* **ACTIVITY**
Write out all the entries word for word, but skip any images.

(Dataset excerpts)
******
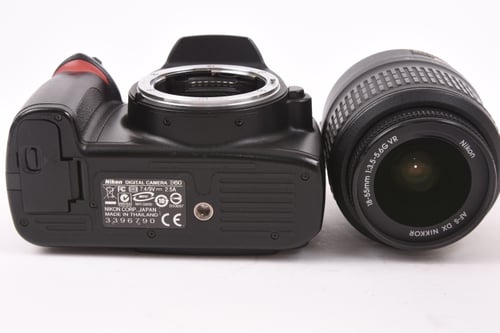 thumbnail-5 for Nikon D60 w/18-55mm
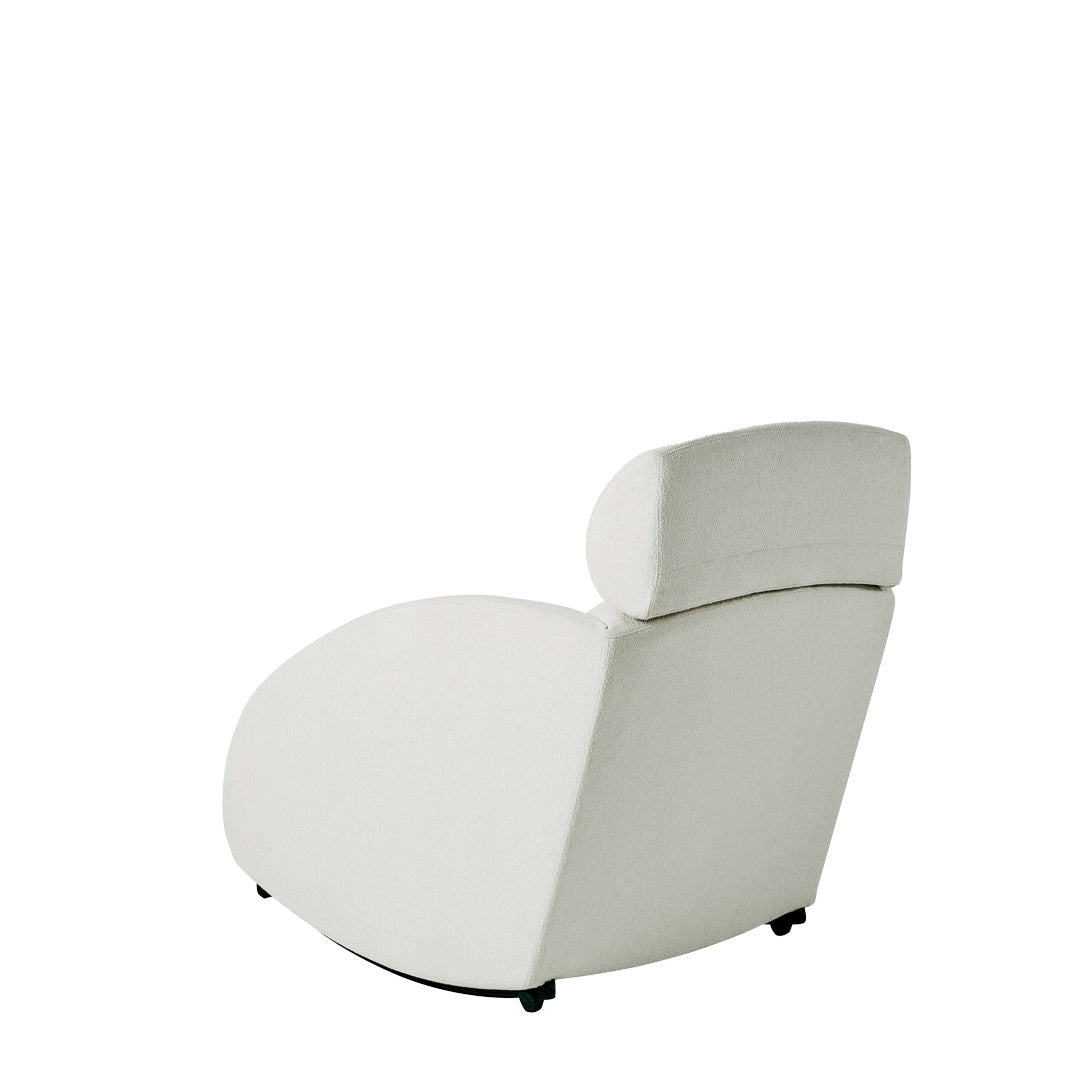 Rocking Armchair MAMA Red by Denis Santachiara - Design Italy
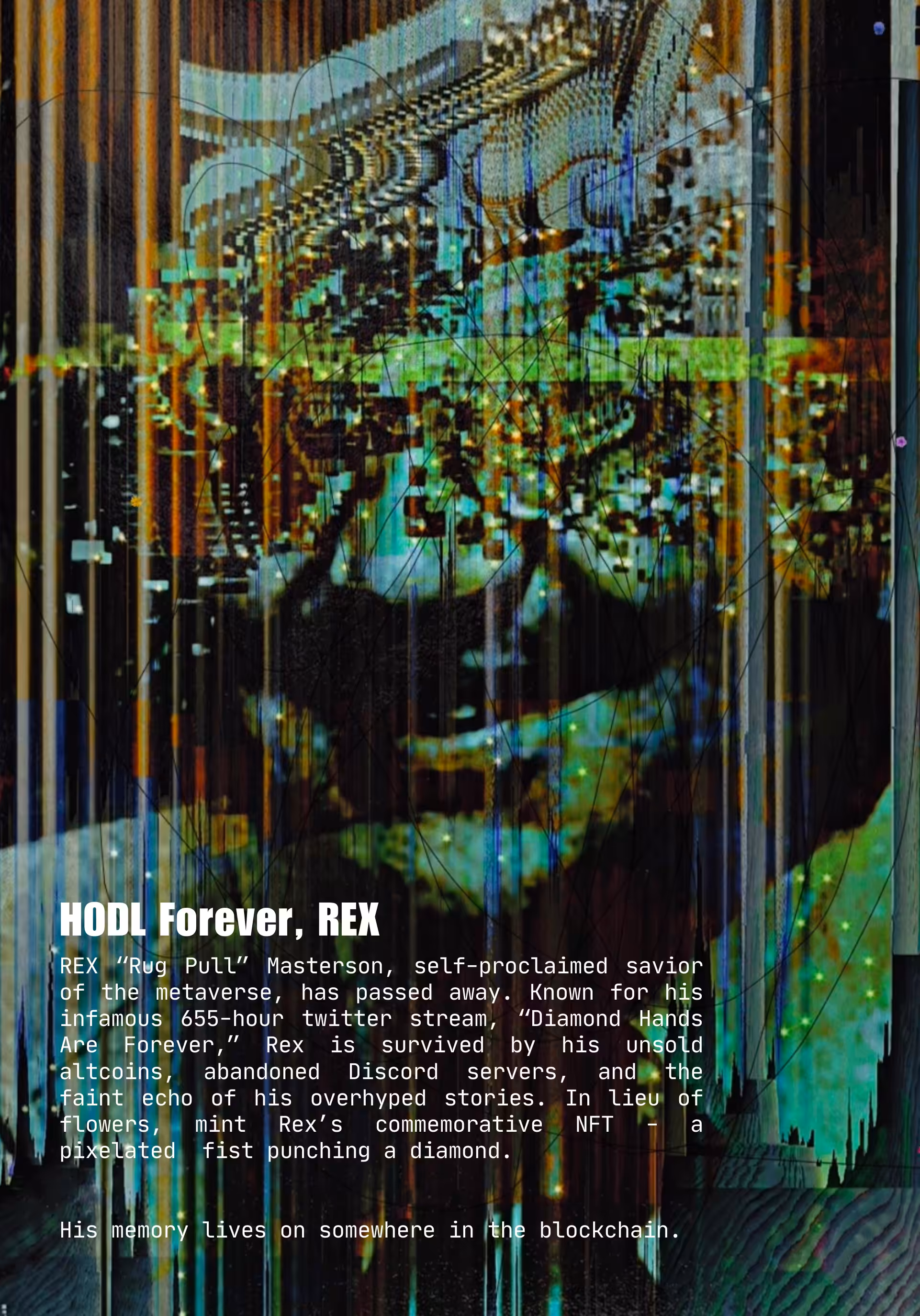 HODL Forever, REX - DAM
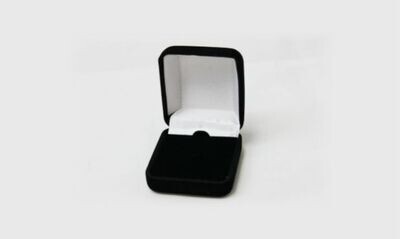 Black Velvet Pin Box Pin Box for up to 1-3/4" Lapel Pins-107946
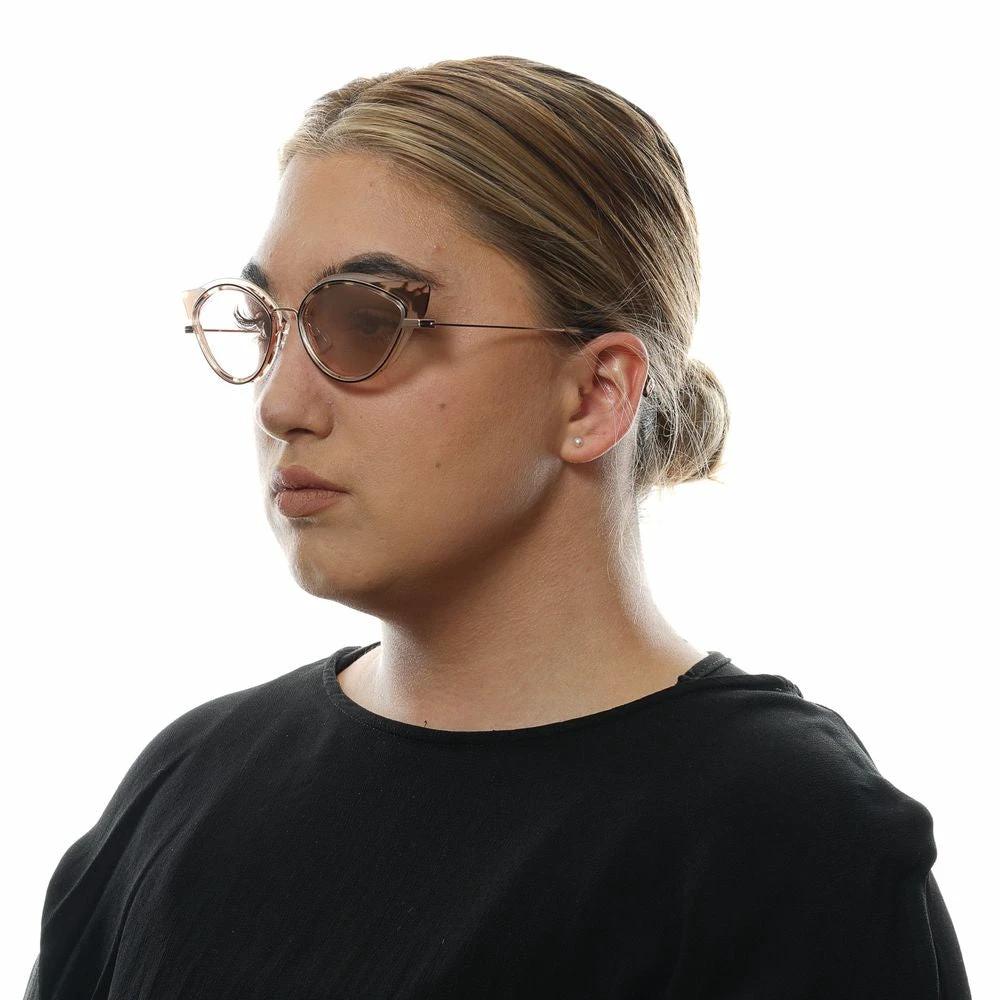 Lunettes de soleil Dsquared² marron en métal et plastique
******
* **EXERCISE OUTPUT**
 thumbnail-5 for Nikon D60 w/18-55mm
 Rocking Armchair MAMA Red by Denis Santachiara - Design Italy
 HODL Forever, REX - DAM
 Black Velvet Pin Box Pin Box for up to 1-3/4" Lapel Pins-107946
 Lunettes de soleil Dsquared² marron en métal et plastique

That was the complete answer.